:: Dataset
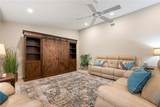 2756 Clubhouse Drive - Photo 7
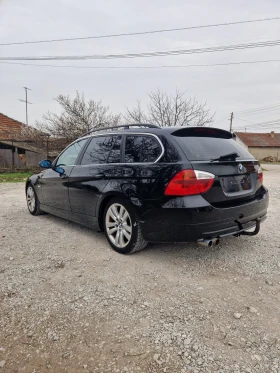 BMW 325 325D, снимка 7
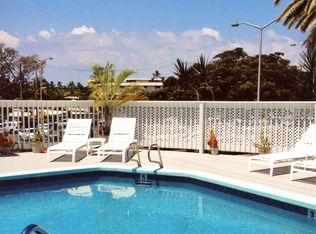 75-5680 Kuakini Hwy APT 106, Kailua Kona, HI 96740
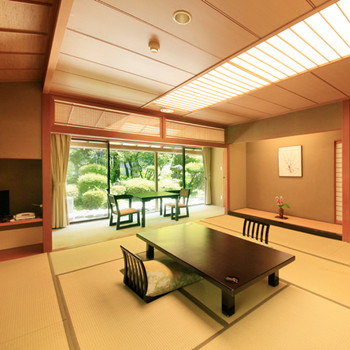 数寄屋造りの和空間と三陸の美食にしっとり癒されて4256685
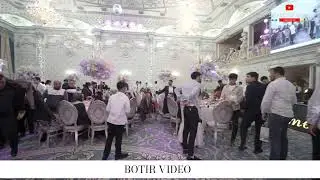 Million Party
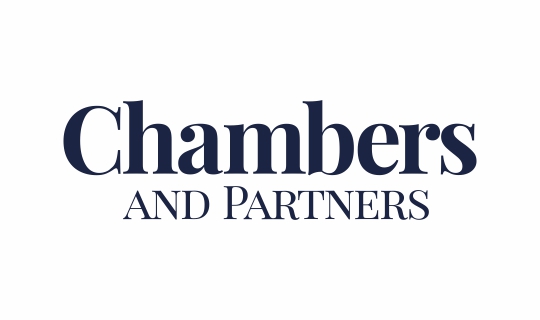 LOGO-AsiaLaw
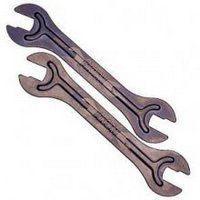 Icetoolz conussleutelset 2-delig 13/14 - 15/16 2400502 - thumbnail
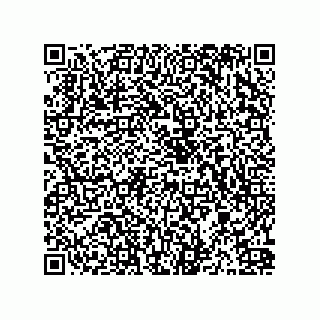 vCard 74112490202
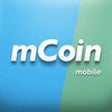 Icon of program: mCoin Mobile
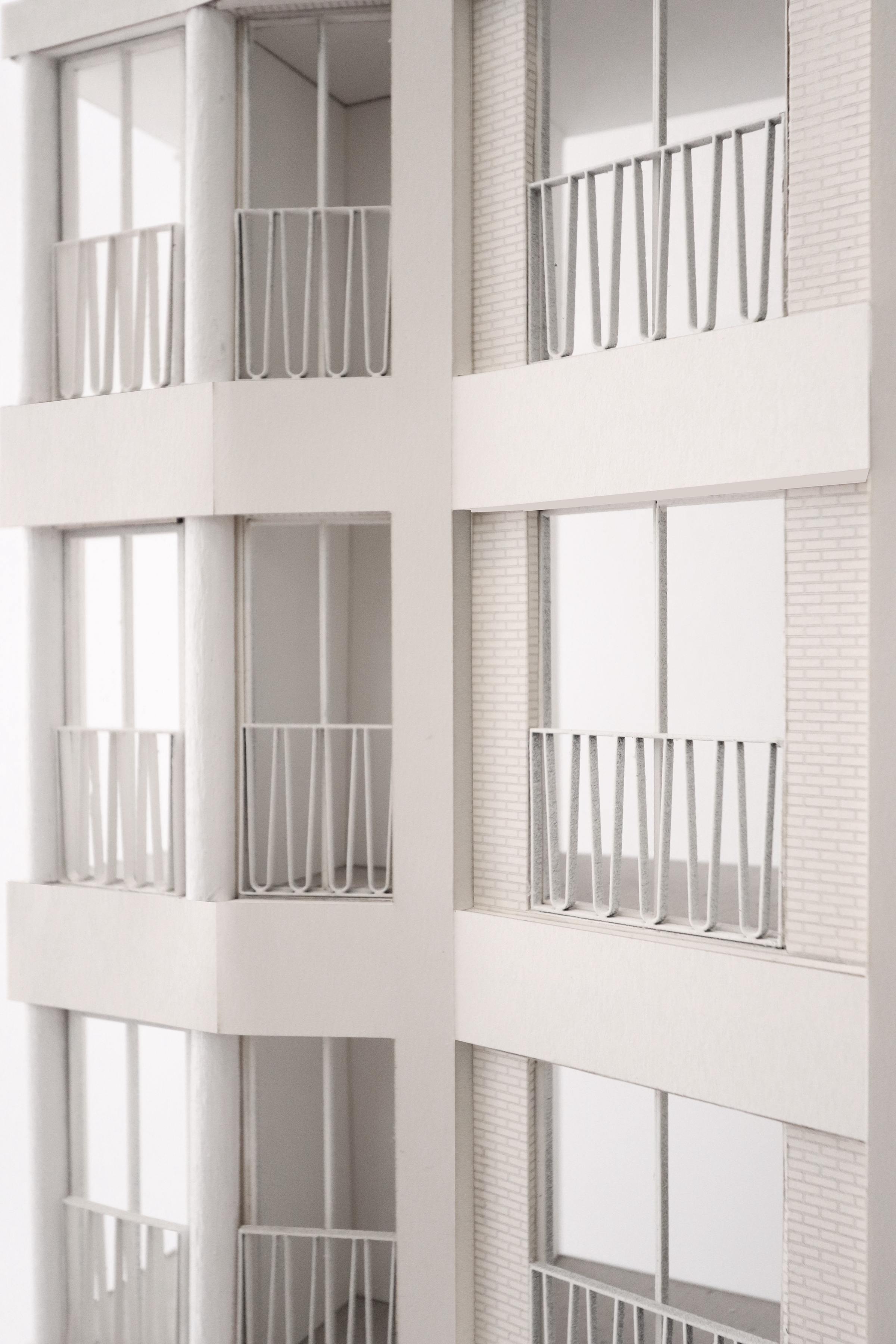 wv-architecten_ahc19-hendrik-consciencestraat_maquette-1-33-(2)-1584543990.png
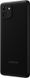 Samsung Galaxy A03 SM-A035F 3/32Gb Black (SM-A035FZKD)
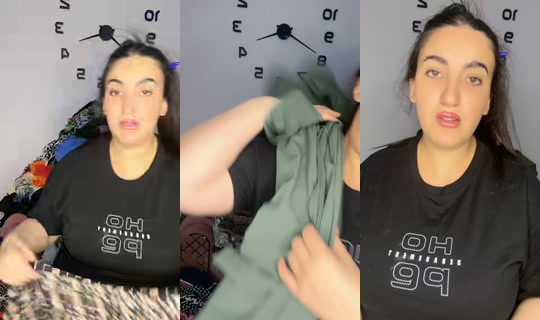 ikramtrabelsi95's Stream - Aug 7, 2026, 2:42 PM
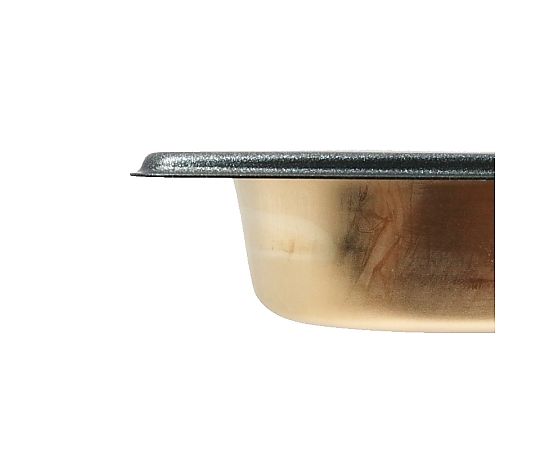 SUGICO 超豪華托盤 不沾處理 1/1 尺寸 高25mm 及其他 SH-1911E25T 和更多型號 - 商品圖 6
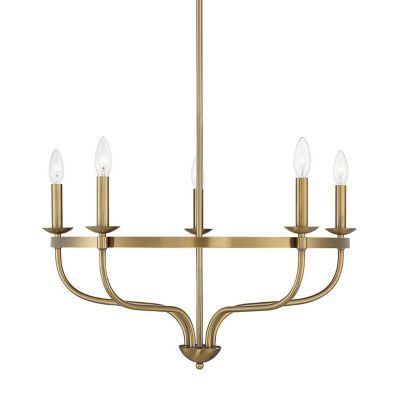 Olivia Chandelier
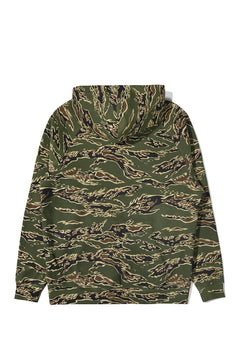 Bravo Pullover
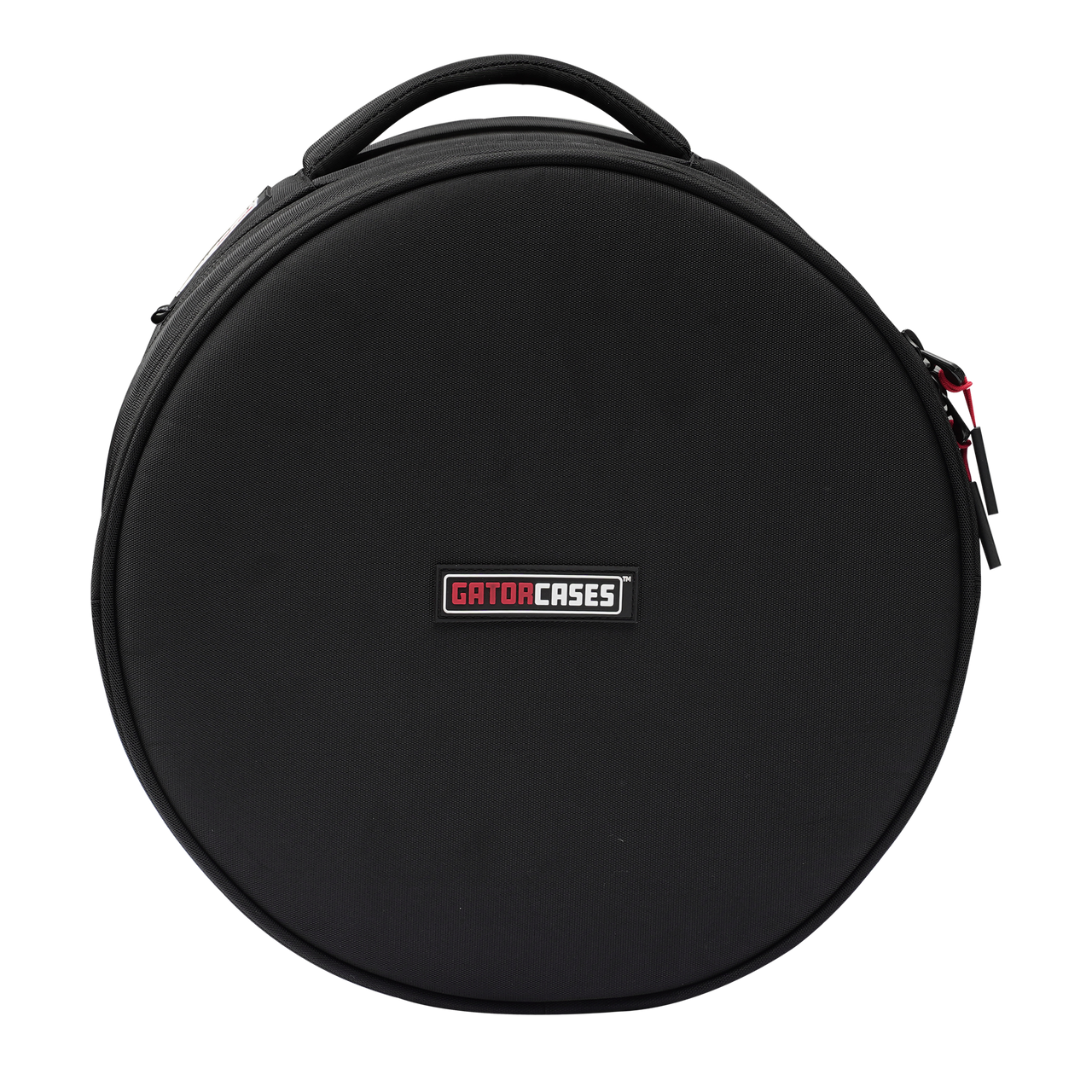 Gator GP-ICON-1005SD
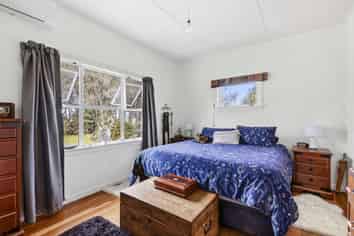 A/273 Peake Road, Cambridge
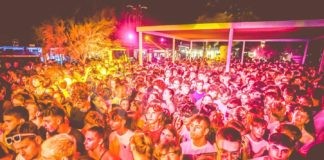 Marina Bay: la smentita del locale “provvederemo a sporgere denuncia per diffamazione stante l’accusa di discriminazione razziale, infondata in fatto e in diritto”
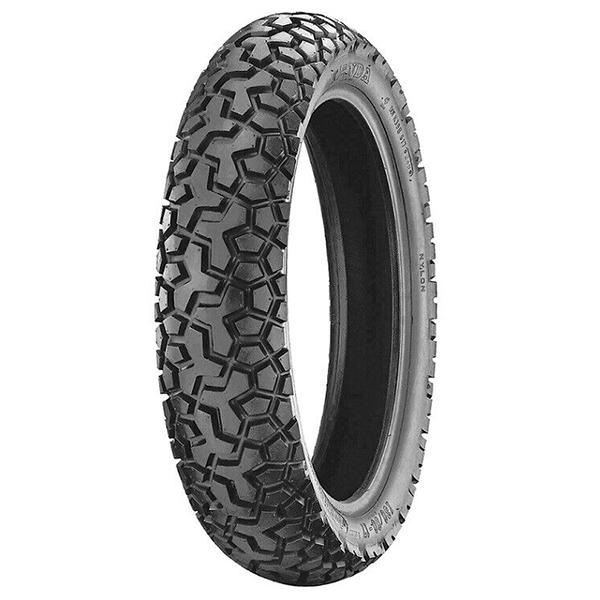 GOMME PNEUMATICI KENDA 3.50-18 56P K280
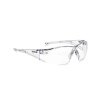 Bolle Rush+ Safety Spectacles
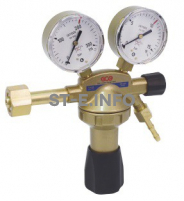 Редуктор DINOX Plus O5 - st-e.info - Ханты-Мансийск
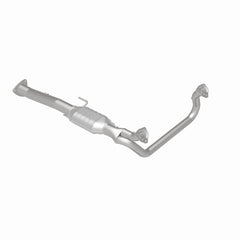 MagnaFlow Conv DF Astro-Safari Van 96-99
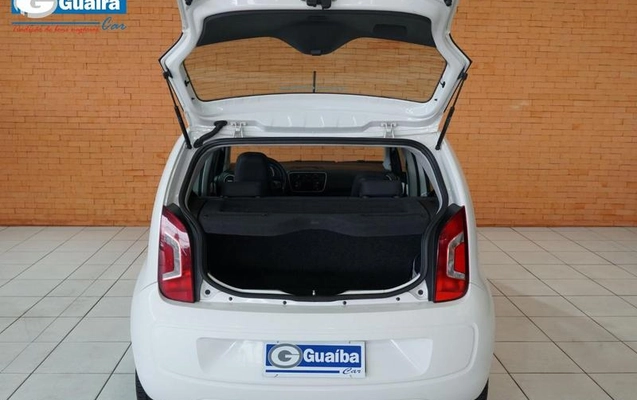 imagem-https://www.socarrao.com.br/sc-vehicle-images-prod/3171822/1787932965155-8370643_17_B_2abcdf859a.jpeg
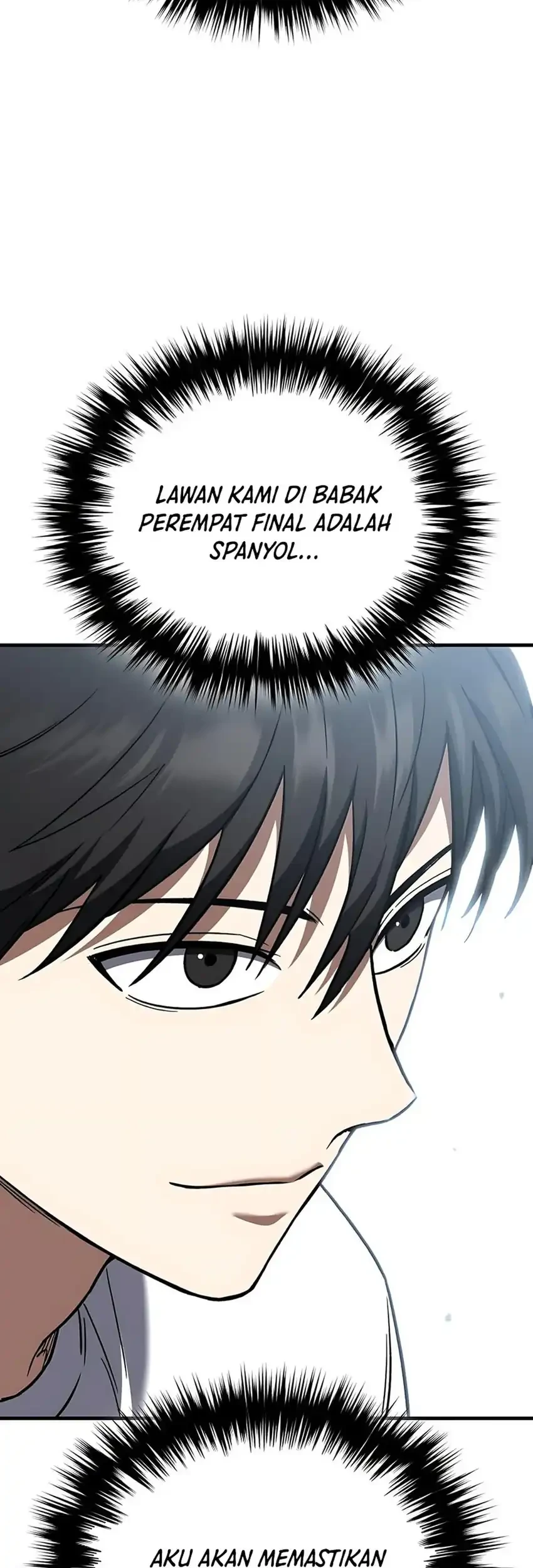 Chapter 37 - halaman 44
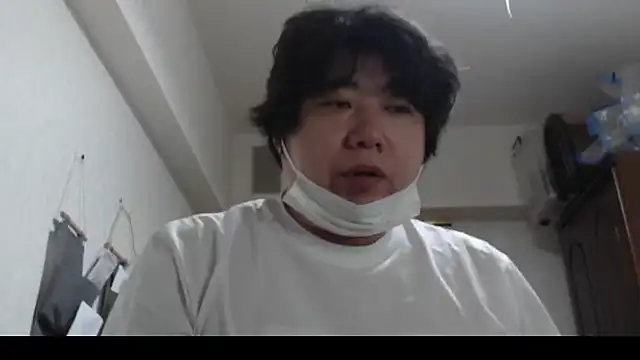 raterate555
::::
▶ What the exercise asks
Write out exactly the lines from the line containing "SUGICO 超豪華托盤 不沾處理" through the last line of the listing above, please, and leave out any pictures.

▶ Exercise output
 SUGICO 超豪華托盤 不沾處理 1/1 尺寸 高25mm 及其他 SH-1911E25T 和更多型號 - 商品圖 6
 Olivia Chandelier
 Bravo Pullover
 Gator GP-ICON-1005SD
 A/273 Peake Road, Cambridge
 Marina Bay: la smentita del locale “provvederemo a sporgere denuncia per diffamazione stante l’accusa di discriminazione razziale, infondata in fatto e in diritto”
 GOMME PNEUMATICI KENDA 3.50-18 56P K280
 Bolle Rush+ Safety Spectacles
 Редуктор DINOX Plus O5 - st-e.info - Ханты-Мансийск
 MagnaFlow Conv DF Astro-Safari Van 96-99
 imagem-https://www.socarrao.com.br/sc-vehicle-images-prod/3171822/1787932965155-8370643_17_B_2abcdf859a.jpeg
 Chapter 37 - halaman 44
 raterate555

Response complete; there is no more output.